6.4 GLM with PAVA algorithm

In chapter 9 of 2012 serobook, there are an argument that following Friedman and Tibshirani (1984) and Mammen et al. (2001), Shkedy et al. (2003) suggested to estimate π(a) and λ(a) using local polynomials and smoothing splines and, if necessary, a posteriori apply the PAVA to isotonize the resulting estimate.

Without loss of generality they assume \(\pi(a_{1}) \leq \pi(a_{2}) \leq ...\leq \pi(a_{i})\). The PAVA states that if \(\pi(a_{i}) \leq \pi(a_{i - 1})\) these values need to be “pooled.” In other words \(\hat{\pi}(a_{i})\) and \(\hat{\pi}(a_{i-1})\) are both replaced by

\[\frac{\hat{\pi}(a_{i})+\hat{\pi}(a_{i-1})}{2}\]

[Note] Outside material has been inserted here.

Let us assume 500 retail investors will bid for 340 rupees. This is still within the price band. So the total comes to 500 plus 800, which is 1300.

In my case, I fitted the glm to seropositive by age and time, then applied PAVA for fitted seroprevalence and 95% CI of each age group.

Model
mod1 <- glm(pos ~ age * col_date +
              I(age ^ 2) * col_date, binomial,
            mutate(atdf, across(col_date, as.numeric)))
Code
age_val <- c(.1, seq(1,15,0.5))
collection_date_val <- seq(min(atdf$col_date),
                           max(atdf$col_date))

new_data <- expand.grid(age = age_val, col_date = as.numeric(collection_date_val))

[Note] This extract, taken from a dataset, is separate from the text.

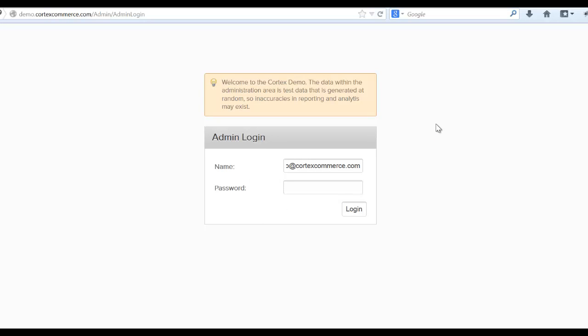Hi and welcome to the Cortex website setup tutorial. We're just going to show you today the basic settings that you'll need to set up within the Cortex system before you begin working on things.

prdcts <- cbind(new_data, fit = 100 * predict(mod1, new_data, "response")) |> 
  as_tibble() |> 
  arrange(col_date) |> 
  mutate(across(col_date, as_date))

6.4.1 Unconstrained plot

Code
plot_ly(prdcts, x = ~sort(unique(as.Date(col_date))),
        y = ~sort(unique(age)),
        z = ~matrix(fit, length(age_val)),
        showscale = F) %>%
  add_surface()%>%
  layout(scene = list(
    xaxis = list(title = "Collection date"),
    yaxis = list(title = "Age"),
    zaxis = list(title = "Seroprevalence",range = c(0,100))
  ))%>% layout(autosize = F, width = 700, height = 1000, margin = m)

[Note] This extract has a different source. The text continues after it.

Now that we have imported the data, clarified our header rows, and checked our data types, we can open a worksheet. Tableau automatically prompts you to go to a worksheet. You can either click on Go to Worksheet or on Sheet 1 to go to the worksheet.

6.4.2 Applying PAVA algorithm

Code
library(Iso)
out_pava <- prdcts %>% 
  mutate(time_numeric = as.numeric(col_date)) %>% 
  group_by(age) %>% 
  arrange(time_numeric) %>%
  mutate(
    seroprev_monotonic = pava(fit, time_numeric, decreasing = FALSE)
  )
Code
plot_ly(out_pava,x = ~sort(unique(as.Date(col_date))),
          y = ~sort(unique(age)),
          z = ~matrix(seroprev_monotonic, length(age_val)),
          showscale = F) %>%
  add_surface()%>%
  layout(scene = list(
    xaxis = list(title = "Collection date"),
    yaxis = list(title = "Age"),
    zaxis = list(title = "Seroprevalence",range = c(0,100))
  ))%>% layout(autosize = F, width = 700, height = 1000, margin = m)
Code
## boostrap 

bootstrap <- function(data, new_data) {
  # Step 1: resample
  boot_data <- data %>% slice_sample(n = nrow(data), replace = TRUE)
  
  # Step 2: refit model
  mod <- glm(pos ~ age * col_date + I(age^2) * col_date, 
             family = binomial, 
             data = mutate(boot_data, col_date = as.numeric(col_date)))
  
  # Step 3: predict
  preds <- predict(mod, new_data, type = "response") * 100  # seroprev %
  preds_df <- bind_cols(new_data, fit = preds) |> 
    mutate(col_date = as_date(col_date))
  
  # Step 4: apply PAVA per age
  preds_df %>%
    mutate(time_numeric = as.numeric(col_date)) %>%
    group_by(age) %>%
    arrange(time_numeric) %>%
    summarise(
      col_date = col_date,
      seroprev_monotonic = pava(fit, time_numeric, decreasing = FALSE),
      .groups = "keep"
    )
}


B <- 10  # number of bootstrap iterations

set.seed(42)  # for reproducibility
boot_results <- map_dfr(1:B, ~bootstrap(atdf, new_data) %>% 
                          mutate(bootstrap = .x))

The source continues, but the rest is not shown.